Saperstein, who is a rabbi and attorney long involved in social justice, told VOA that those displaced in Iraq and Syria should know, as a result of Friday’s conference, “the world cares deeply.” He emphasized that the group was deeply committed to giving them a choice to remain where they are, seek refugee status to go abroad, or return to their historic regions “to revive the rich, diverse tapestry of life that has added so much to the countries of the regions over the centuries.”
In addition to targeting and killing thousands of civilians — mainly Christians, Shi'ites and other minority groups — Islamic State has destroyed historic mosques, shrines, churches and monasteries in an attempt to expunge history in the cradle of civilization.
“Intense violence and terror has so badly frayed these roots that there is a real risk that minority communities that lived and survived and even thrived together for centuries will vanish entirely from the region, tearing apart whatever remains of the social fabric of Iraq,” Deputy Secretary of State Antony Blinken told the conference.
Trouble ahead
While many of those who have been experiencing a “living nightmare” for the past three years hope to remain where they have taken refuge or want to return to home when Islamic State is vanquished, Blinken warned “simmering ethno-sectarian divisions may erupt, competing agendas may distract from progress, and old, heated questions of disputed internal boundaries may re-emerge with a vengeance.”

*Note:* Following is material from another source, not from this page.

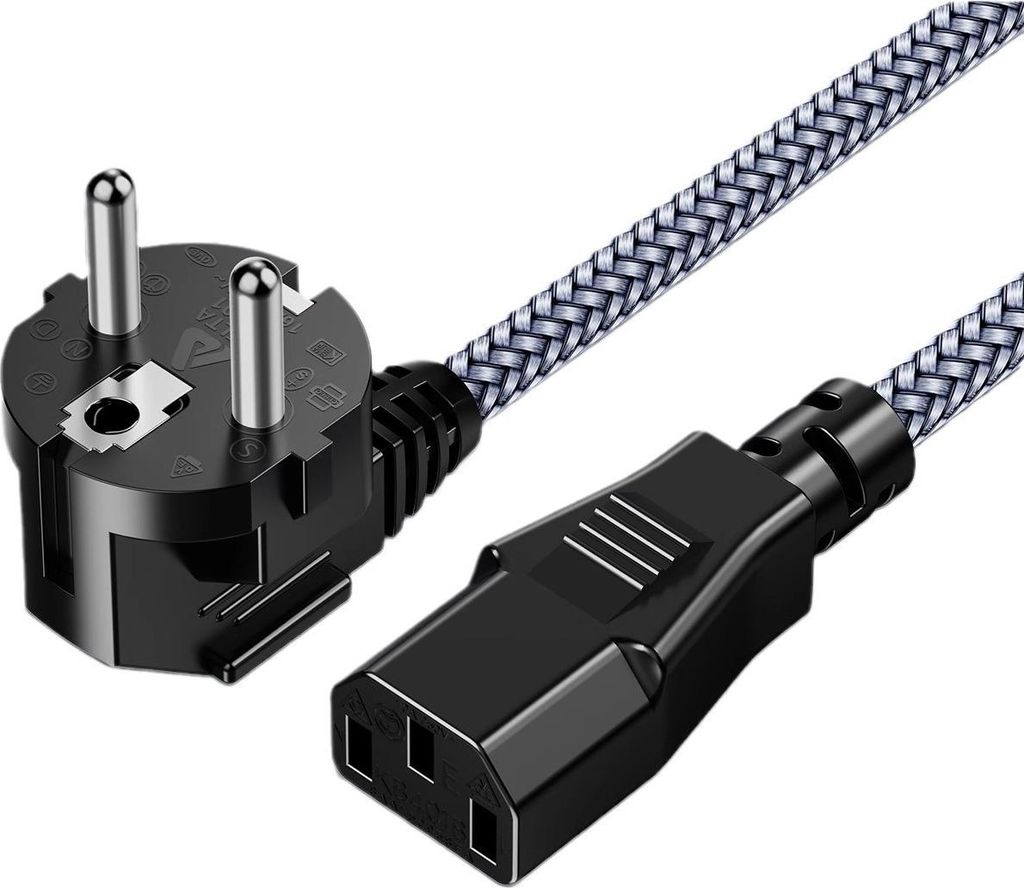 CEE 7/7 → IEC C13 Kaltgerätekabel,3,0 m Euro Anschlusskabel für Monitore, PC, Drucker, Scanner, TV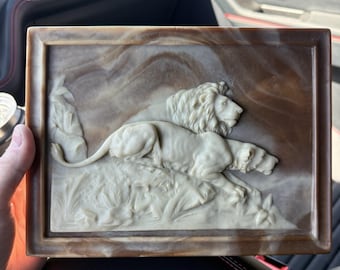 VTG Dante American Walnut Incolay Jewelry Valet Box Carved Lion Lioness Stone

IS has been deprived of 20 percent of the territory it once controlled in Syria and 50 percent in Iraq, according to U.S. officials.

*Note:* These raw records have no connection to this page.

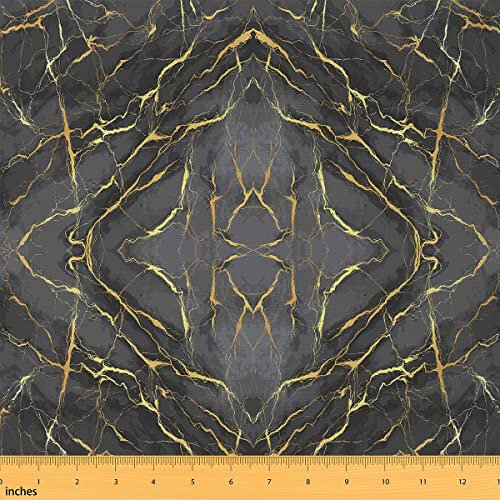 Schwarzer Marmorstoff Meterware Goldmetallischer Marmor Polsterstoff Schwarz Goldener Abstrakter Kunst Dekostoff Moderner Marmor Drinnen Draußen Stoff für Polsterung Wohnakzente 184 x 150 (HxB)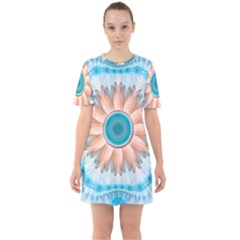 Clean And Pure Turquoise And White Fractal Flower Sixties Short Sleeve Mini Dress by jayaprime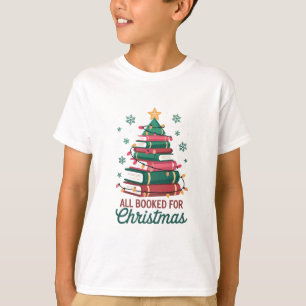 All Booked For Christmas Librarian Book Lover Tree T-Shirt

The Washington conference was the latest series of meetings convened by France in 2015 — starting with the U.N. Security Council in March and a September ministerial in Paris, co-sponsored by Jordan — that led to the Paris Action Plan for governments to aid religious minorities.
The United States and its anti-IS coalition allies last week pledged $2.1 billion in recovery aid for Iraq, which is taking back more of its territory from Islamic State.
This latest conference came a day after religious and civic leaders from the region attended a civil society meeting at Georgetown University concerning the threats to minorities under IS.
“It was an important two days and an important discussion to have,” said State Department spokesman John Kirby. “It’s something that [Secretary of State John Kerry] remains focused on.”
Kerry earlier this year blamed IS for genocide against Yazidis, Christians and Shia Muslims in the areas it controls. Kerry also accused the group of committing crimes against humanity and ethnic cleansing directed at those same groups, and in some cases also against Sunni Muslims, Kurds and other minorities.